» **ASSIGNMENT**
Exact copy, pictures excluded: please retype every record below.

» **EXERCISE MATERIAL**
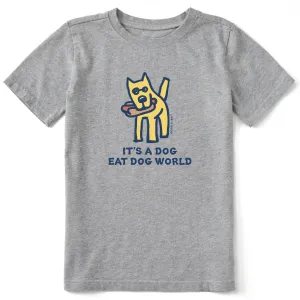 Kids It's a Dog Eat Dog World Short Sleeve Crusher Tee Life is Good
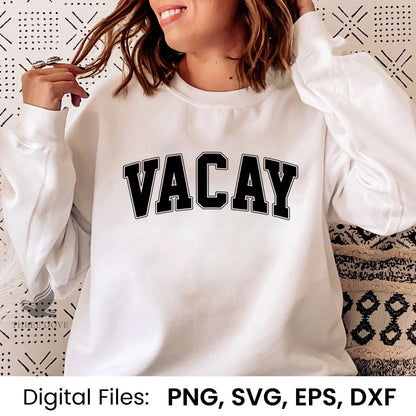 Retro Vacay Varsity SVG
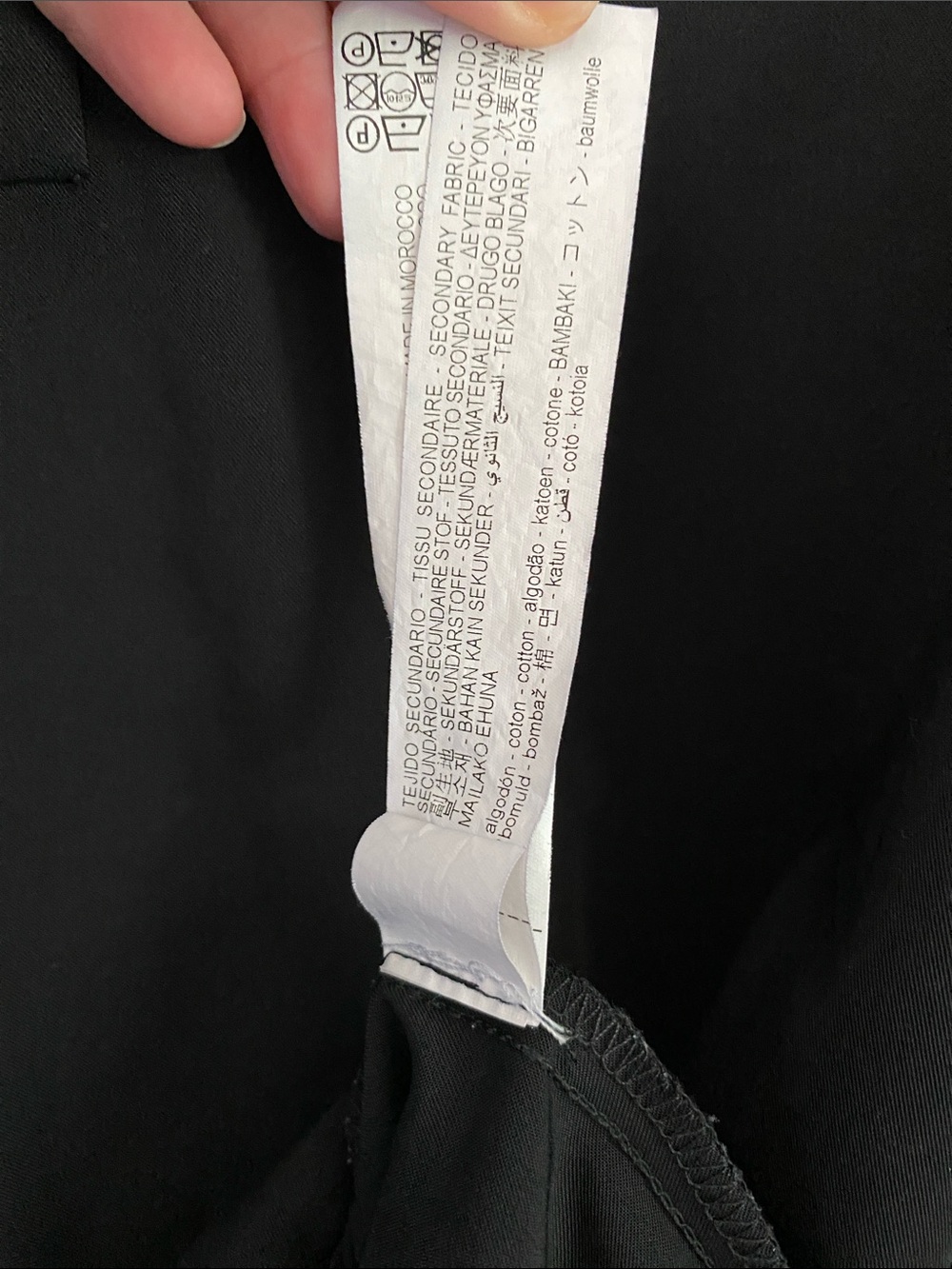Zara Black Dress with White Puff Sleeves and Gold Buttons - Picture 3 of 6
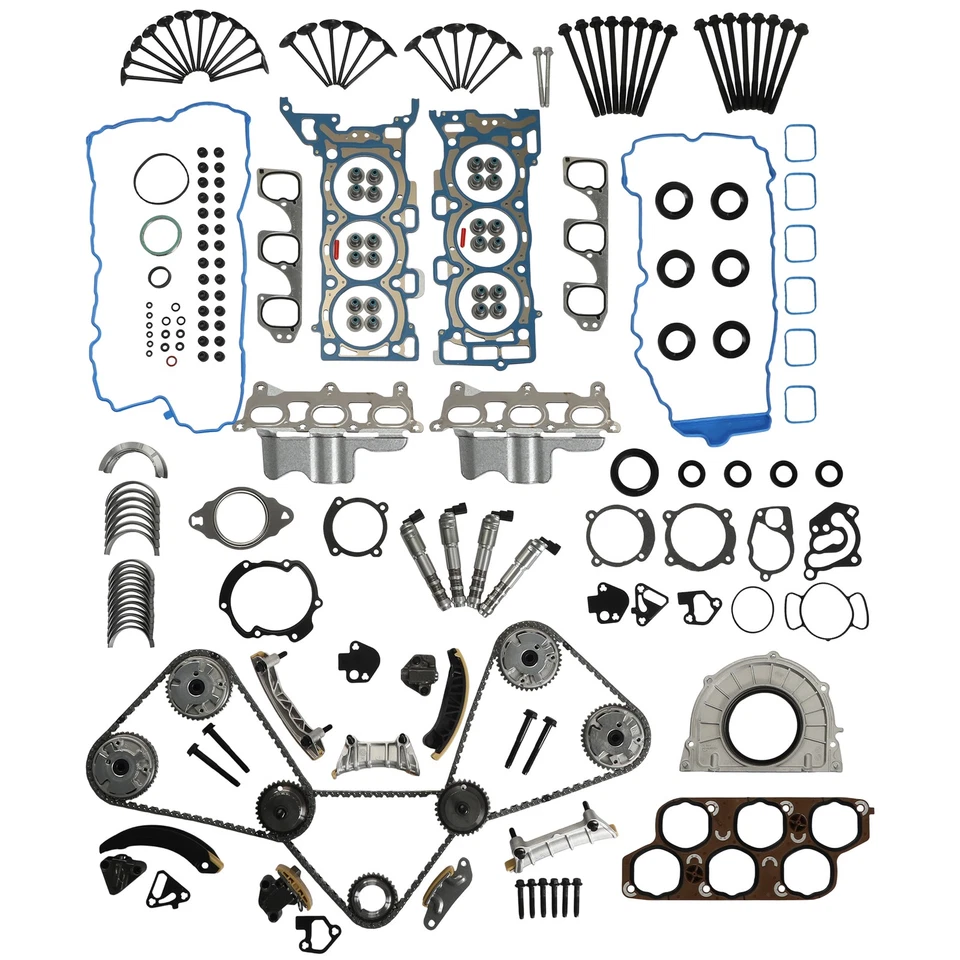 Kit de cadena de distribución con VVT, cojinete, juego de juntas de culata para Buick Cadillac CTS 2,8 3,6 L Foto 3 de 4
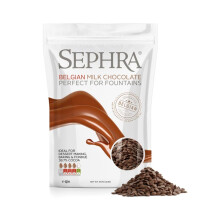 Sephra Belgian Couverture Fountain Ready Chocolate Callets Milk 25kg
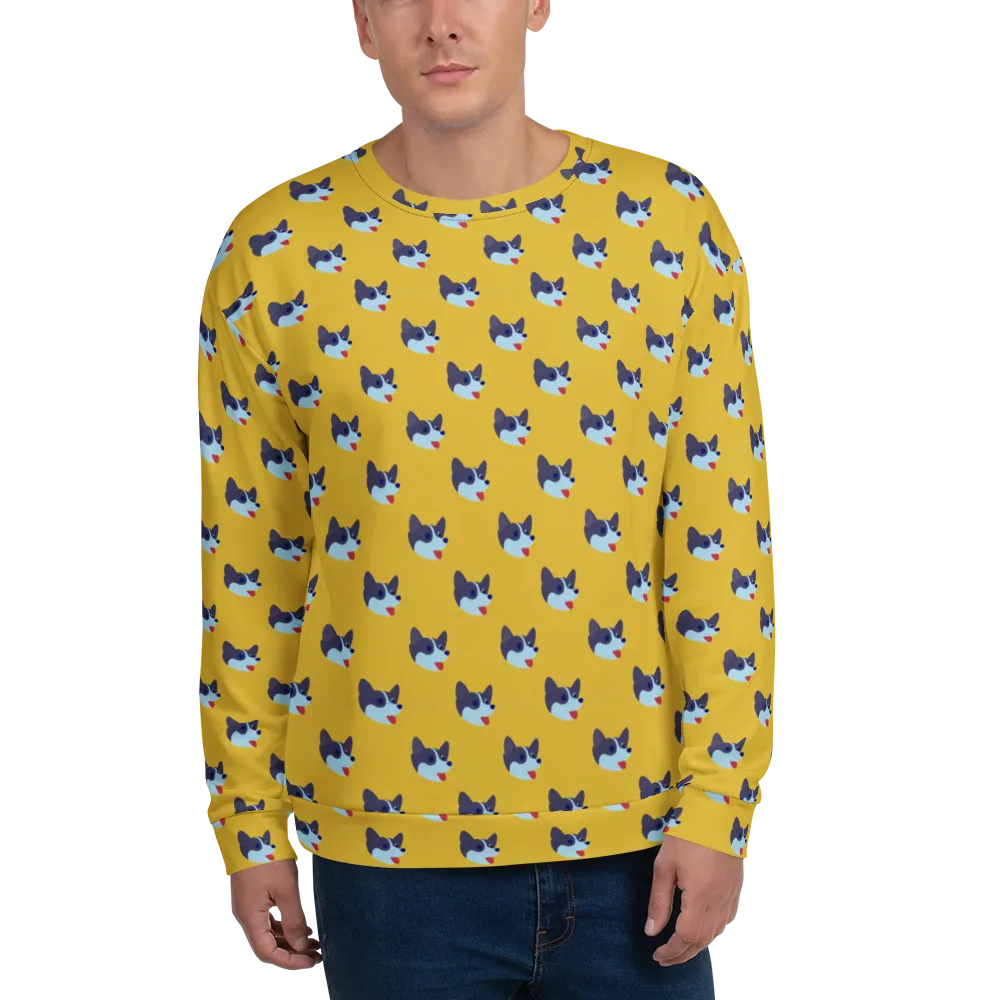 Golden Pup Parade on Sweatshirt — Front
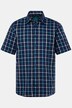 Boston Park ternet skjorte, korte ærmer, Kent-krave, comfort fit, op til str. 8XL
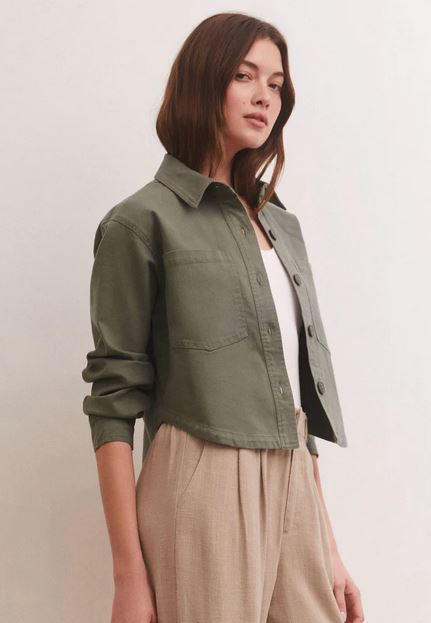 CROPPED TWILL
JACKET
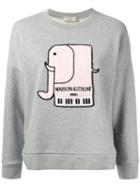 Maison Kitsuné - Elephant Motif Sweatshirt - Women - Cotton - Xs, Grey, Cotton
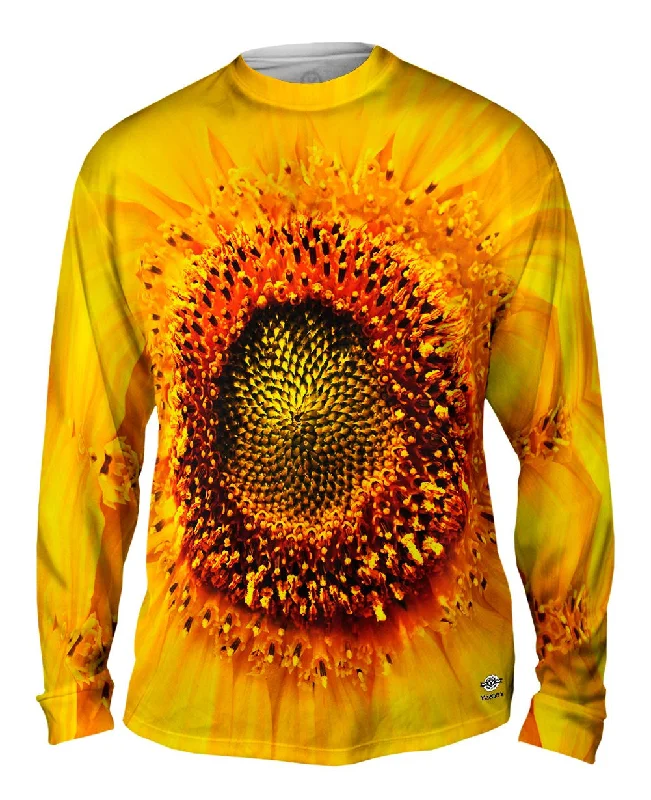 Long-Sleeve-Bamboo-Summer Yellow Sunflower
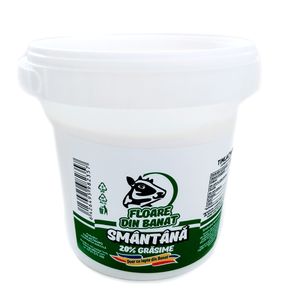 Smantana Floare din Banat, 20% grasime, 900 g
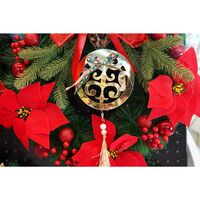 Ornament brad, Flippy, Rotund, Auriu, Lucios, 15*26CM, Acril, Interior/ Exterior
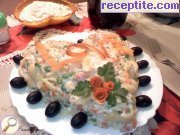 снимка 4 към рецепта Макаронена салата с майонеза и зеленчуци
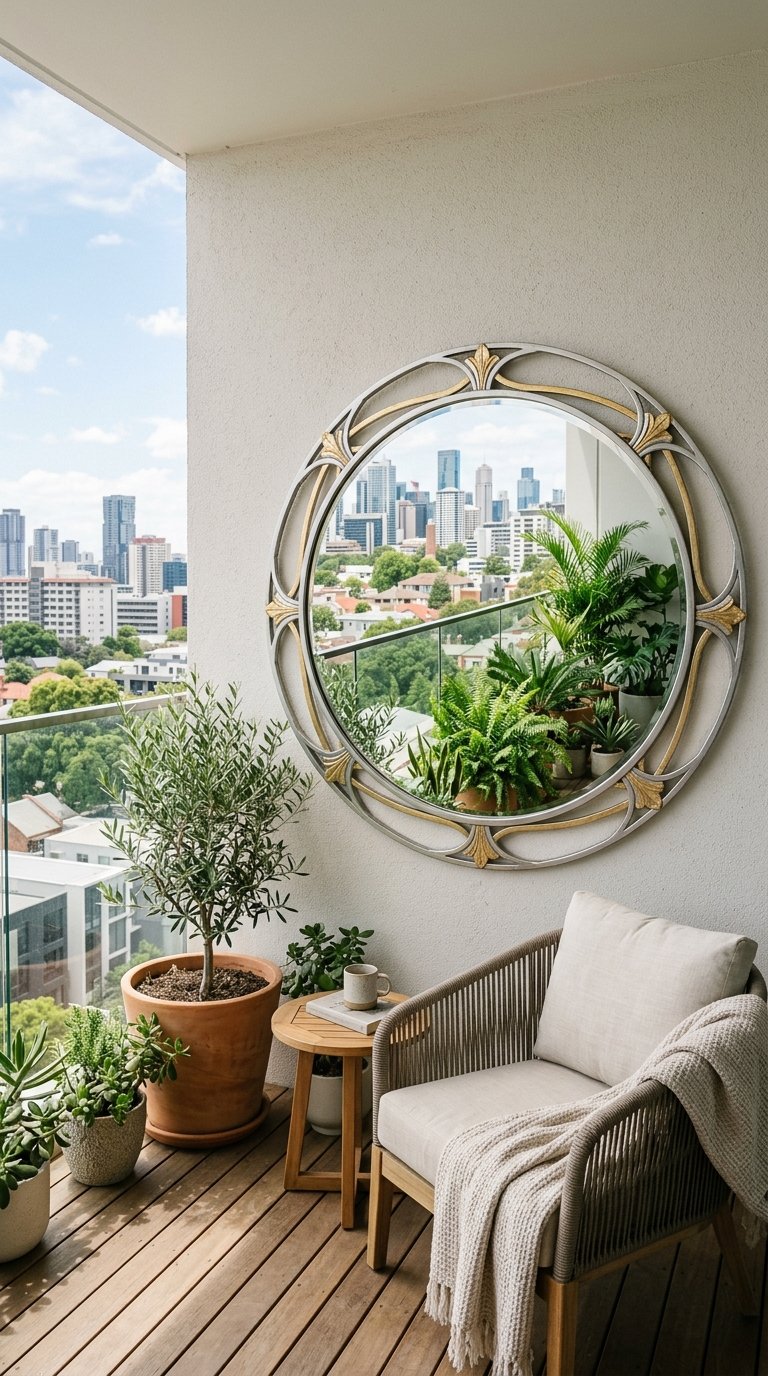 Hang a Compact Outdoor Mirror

» **THE ANSWER**
 Kids It's a Dog Eat Dog World Short Sleeve Crusher Tee Life is Good
 Retro Vacay Varsity SVG
Zara Black Dress with White Puff Sleeves and Gold Buttons - Picture 3 of 6
 Kit de cadena de distribución con VVT, cojinete, juego de juntas de culata para Buick Cadillac CTS 2,8 3,6 L Foto 3 de 4
 Sephra Belgian Couverture Fountain Ready Chocolate Callets Milk 25kg
 Golden Pup Parade on Sweatshirt — Front
 Boston Park ternet skjorte, korte ærmer, Kent-krave, comfort fit, op til str. 8XL
 CROPPED TWILL
JACKET
 Maison Kitsuné - Elephant Motif Sweatshirt - Women - Cotton - Xs, Grey, Cotton
 Long-Sleeve-Bamboo-Summer Yellow Sunflower
 Smantana Floare din Banat, 20% grasime, 900 g
 Ornament brad, Flippy, Rotund, Auriu, Lucios, 15*26CM, Acril, Interior/ Exterior
 снимка 4 към рецепта Макаронена салата с майонеза и зеленчуци
 Hang a Compact Outdoor Mirror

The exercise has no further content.